§ Your goal: Copy the lines below word for word, skipping any image.

§ Information provided:
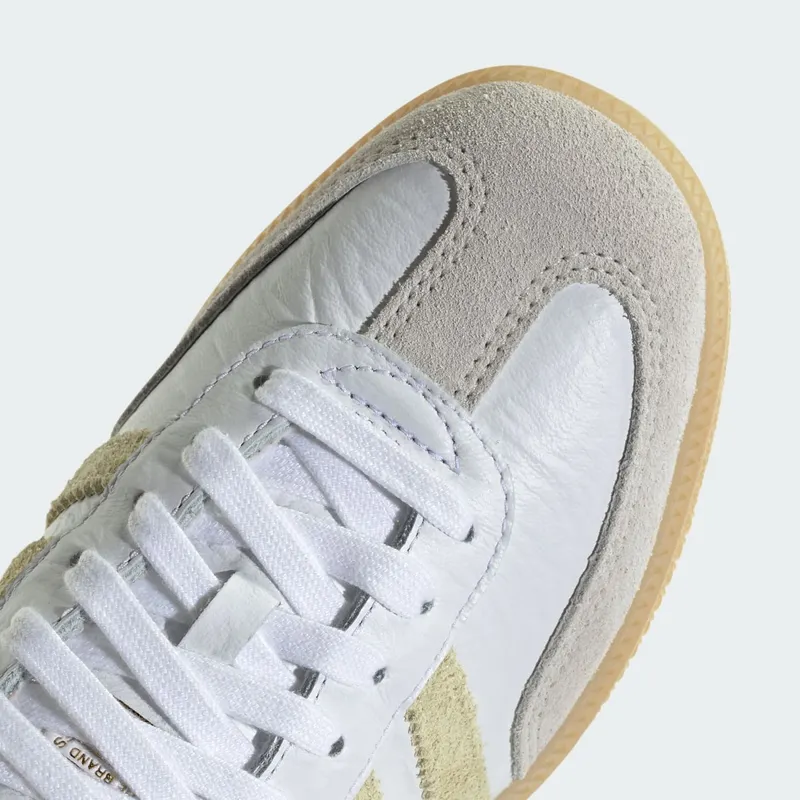 adidas-samba LA0972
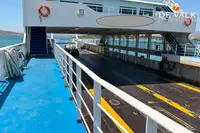 Ro-Ro ship Te koop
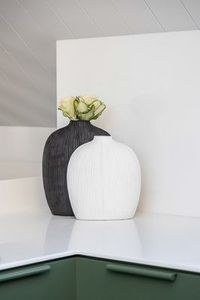 Vase Alvi Lg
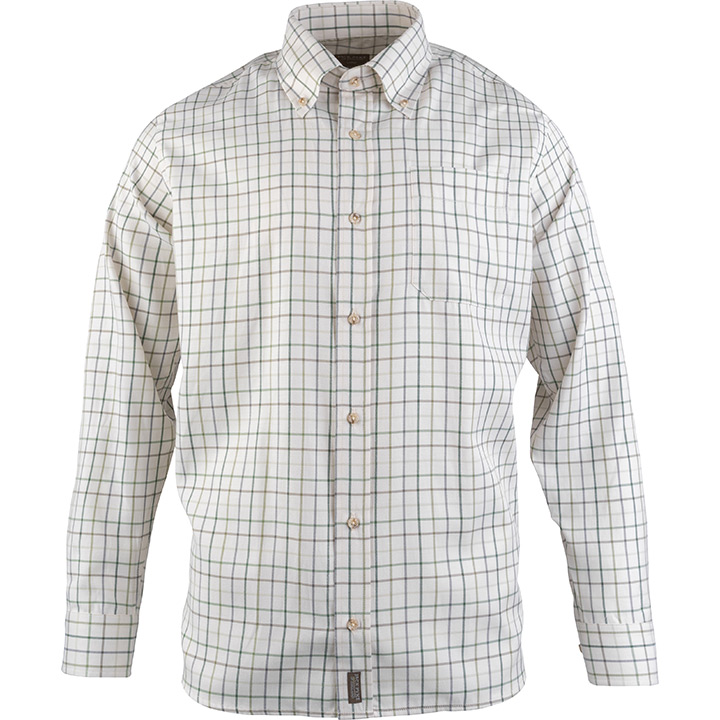 Jack Pyke Countryman Shirt.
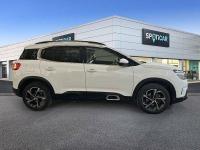 Citroën C5 Aircross BlueHdi 96kW (130CV) S&S Feel
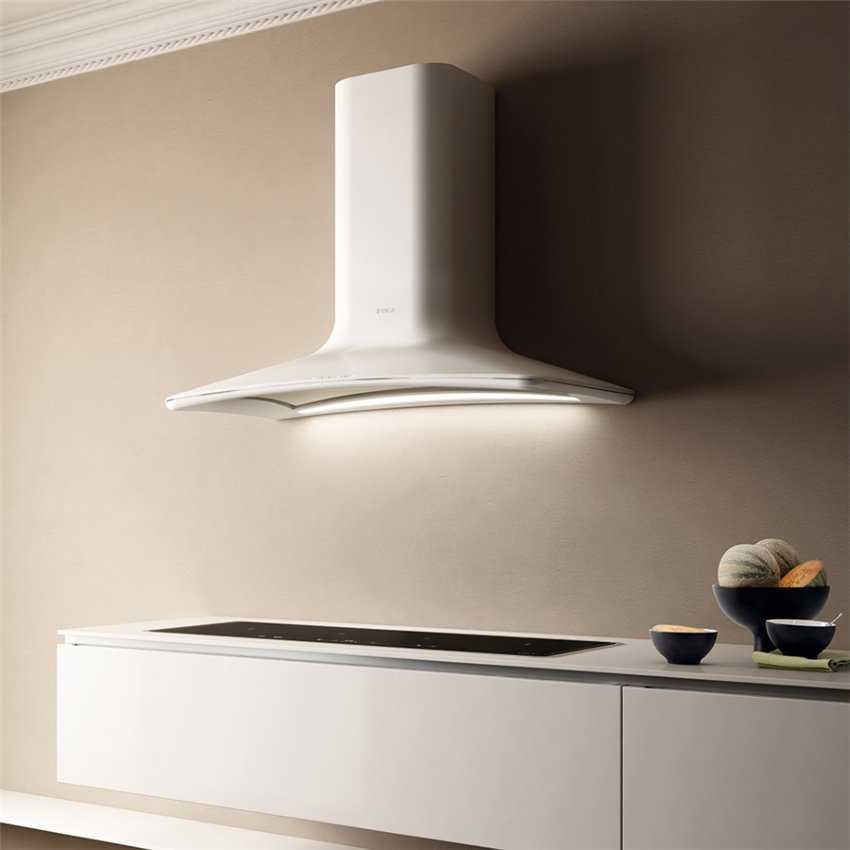 UK's Largest Cooker Hood Selection At Tthe Lowest Prices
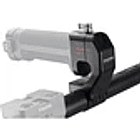 Advanced Ring Grip Tilta para DJI RS4, RS4 Pro, RS3 Pro & RS2 3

§ Exercise output:
 adidas-samba LA0972
 Ro-Ro ship Te koop
 Vase Alvi Lg
 Jack Pyke Countryman Shirt.
 Citroën C5 Aircross BlueHdi 96kW (130CV) S&S Feel
 UK's Largest Cooker Hood Selection At Tthe Lowest Prices
 Advanced Ring Grip Tilta para DJI RS4, RS4 Pro, RS3 Pro & RS2 3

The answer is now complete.